■ RECORDED INFORMATION ■
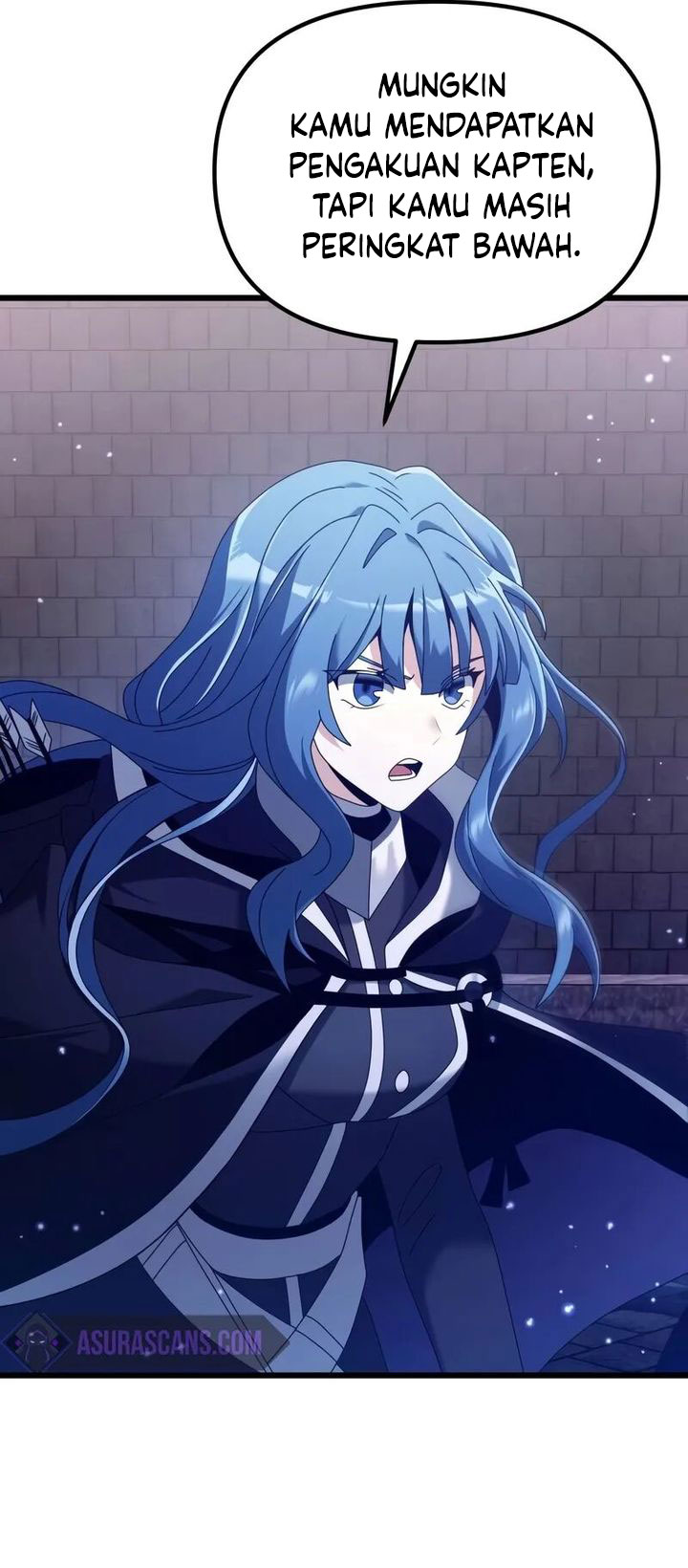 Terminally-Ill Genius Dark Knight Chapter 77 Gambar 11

...

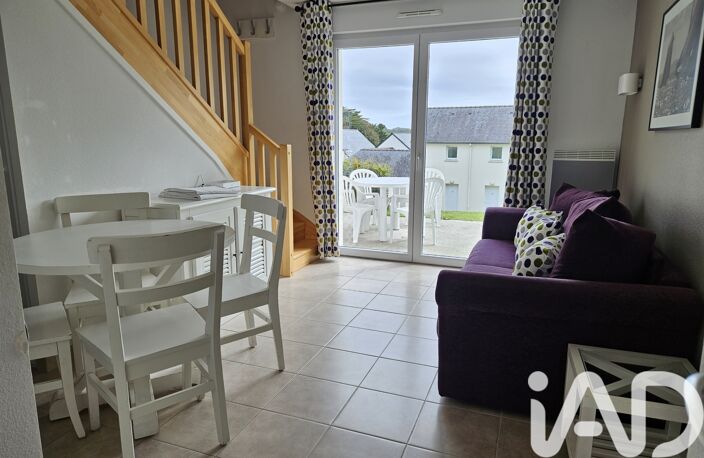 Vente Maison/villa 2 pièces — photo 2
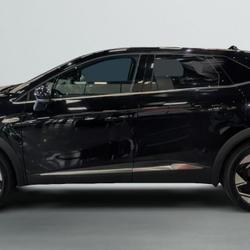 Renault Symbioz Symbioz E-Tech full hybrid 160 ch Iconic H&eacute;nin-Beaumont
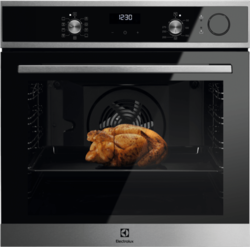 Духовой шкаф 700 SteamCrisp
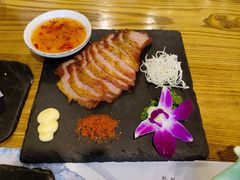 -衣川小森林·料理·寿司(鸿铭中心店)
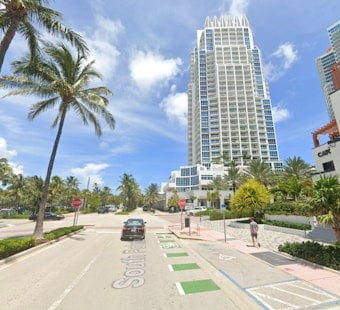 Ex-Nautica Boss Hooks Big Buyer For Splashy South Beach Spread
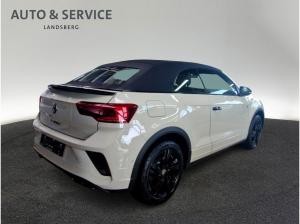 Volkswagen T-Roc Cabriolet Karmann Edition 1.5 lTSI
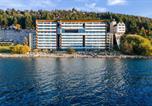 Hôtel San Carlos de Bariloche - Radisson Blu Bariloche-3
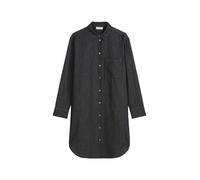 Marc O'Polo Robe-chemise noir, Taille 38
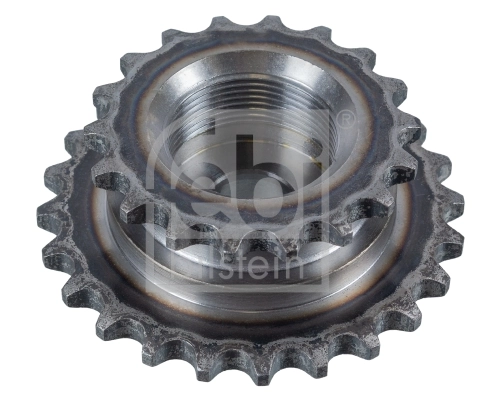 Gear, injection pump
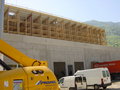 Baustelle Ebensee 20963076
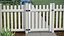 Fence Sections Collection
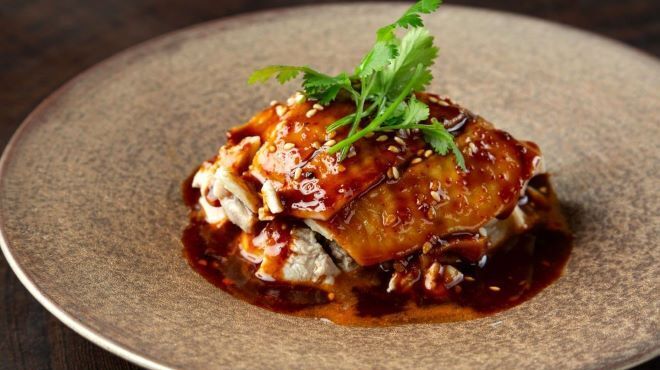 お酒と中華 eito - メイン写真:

■ TASK DIRECTIONS ■
Starting at the line above that holds "Духовой шкаф 700 SteamCrisp", repeat every line exactly down to and including the line that holds "Marc O'Polo Robe-chemise noir, Taille 38", then stop. Do not carry over any pictures.

■ WRITTEN ANSWER ■
 Духовой шкаф 700 SteamCrisp
 -衣川小森林·料理·寿司(鸿铭中心店)
 Ex-Nautica Boss Hooks Big Buyer For Splashy South Beach Spread
 Volkswagen T-Roc Cabriolet Karmann Edition 1.5 lTSI
 Hôtel San Carlos de Bariloche - Radisson Blu Bariloche-3
 Marc O'Polo Robe-chemise noir, Taille 38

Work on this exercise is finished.